Across the street is the hotel’s bar—a rooftop bar in fact, with amazing views over the city from the ninth floor.
Where to Eat and Drink
This cute cafe with outdoor seating does great coffee in the day and is the perfect spot for a cheeky glass of wine in the evening. Excellent people-watching and surrounded by historic architecture.
Literally ‘window cafe’, this hole-in-the-wall cafe became Insta-famous for its somewhat impractical coffee in an ice cream cone fad. Cashing in on this—and the fact that it’s the only coffee place open before 10am—two small flat whites will set you back AU$15. The coffee’s made well at least.
Busy Italian-style eatery with wines from Italy (we sneaked a cheeky mezzo litro carafe of Moltepulciano up at the bar) great for people-watching. The pizzas look formidable.
– Billa Corso Neuer Markt
Not far from Hotel Graben is a Billa Corso—a ubiquitous Austrian supermarket chain—where, a bit like Eataly’s supermarket cafes, you can buy your lunch an eat it there. It has outdoor seating too, but best of all it’s open on a Sunday!
Perhaps one of the most unique food options in Vienna is Trzesniewski—a sandwich buffet shop next to Graben Hotel in Stephansplatz (there are other branches in the city). Going back to 1902, this shop sells finger rolls and narrow-cut open sandwiches topped with all kinds of ingredients, all of which are very finely chopped into a paste. You go in, choose your sarnies and leave.
Barely a block back from busy Stephansplatz and in the shadow of the pretty domed roof of St Peters Church, Le Cru has a surprisingly local low-key vibe. Specialising in small producers of French Champagne, this little bar offers tasting experiences and takeaways, but also has a weekly by-the-glass menu that’s pleasingly affordable.
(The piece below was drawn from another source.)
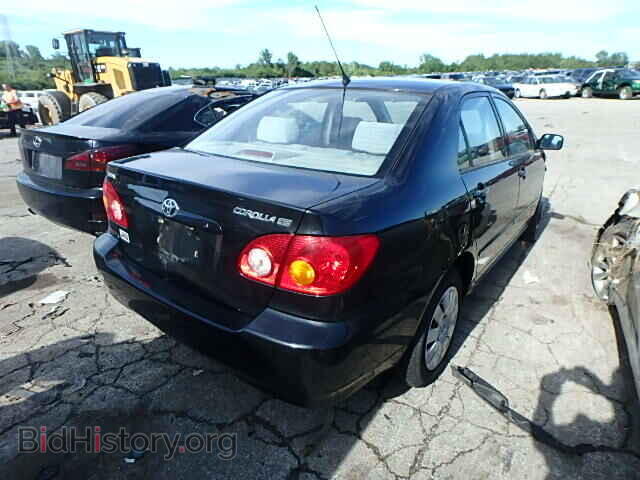 2003 TOYOTA COROLLA - VIN: JTDBR32E830051341 - Фото 4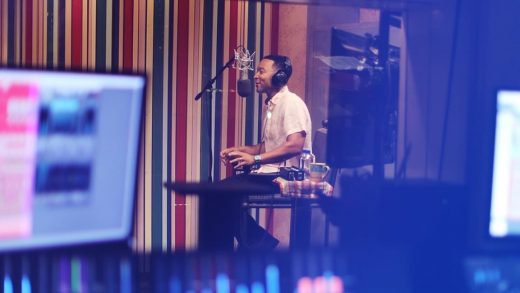 John Legend and Pusha T talk racial bias in new Spotify podcast sponsored by P&G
Dark, conspiratorially atmospheric little bar. Great cocktails and vibe with a real mix of patrons. Just off Neuer Markt plaza and the Donnerbrunnen fountain, it’s worth seeking out this tucked-away bohemian speakeasy for an excellent martini or house negroni.
– Billa Corso Hohe Markt rooftop wine bar
A couple of streets north of Stephansplatz is another Billa Corso (I told you they were ubiquitous) right opposite the Hotel Topazz Lamee we mentioned. This store has a wine bar above it. You can choose from the wine list or, amazingly, you can buy the bottle you want in the store and they’ll serve it to you.
Beyond the walls of the old town, this pumping local bar and eatery was the perfect lunch spot for us. Good beer and food my wienerschnitsel was tasty and satisfying and Christina’s kalbsbutterschnitzel (a veal schnitzel patty) was tasty albeit a tad weird.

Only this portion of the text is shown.